Exercise details: Repeat the data verbatim, images excluded.

Raw data:
== Segment start ==

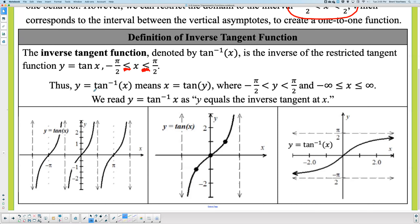For inverse tangent, the outputs become −π/2 and +π/2, which becomes the range of the inverse — strictly between −π/2 and +π/2. The domain goes from −∞ to +∞ because the tangent graph extends down to −∞ and up to +∞ in range. So the domain for inverse tangent is all reals, and the range is restricted from −π/2 to +π/2.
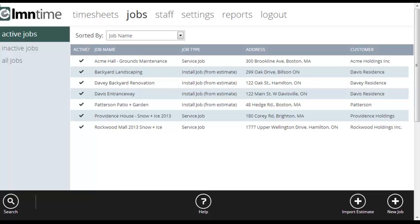Assuming you've already gone through the settings and set those up and then set up your staff, now you're ready to set up some jobs. Jobs are what crews are going to track their time against when they're clocking their time into LMN time.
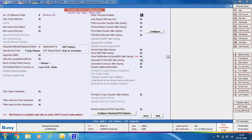Next are the options generate e-way bill after saving and generate e-invoice after saving. These options get activated when the e-way bill required and e-invoice required options are enabled under features options. Specify Yes if you want to generate an e-way bill or e-invoice on saving the voucher — a generate e-way bill or generate e-invoice dialog box will appear on saving. Click Save to save this configuration.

== Segment end ==

Result:
For inverse tangent, the outputs become −π/2 and +π/2, which becomes the range of the inverse — strictly between −π/2 and +π/2. The domain goes from −∞ to +∞ because the tangent graph extends down to −∞ and up to +∞ in range. So the domain for inverse tangent is all reals, and the range is restricted from −π/2 to +π/2.
Assuming you've already gone through the settings and set those up and then set up your staff, now you're ready to set up some jobs. Jobs are what crews are going to track their time against when they're clocking their time into LMN time.
Next are the options generate e-way bill after saving and generate e-invoice after saving. These options get activated when the e-way bill required and e-invoice required options are enabled under features options. Specify Yes if you want to generate an e-way bill or e-invoice on saving the voucher — a generate e-way bill or generate e-invoice dialog box will appear on saving. Click Save to save this configuration.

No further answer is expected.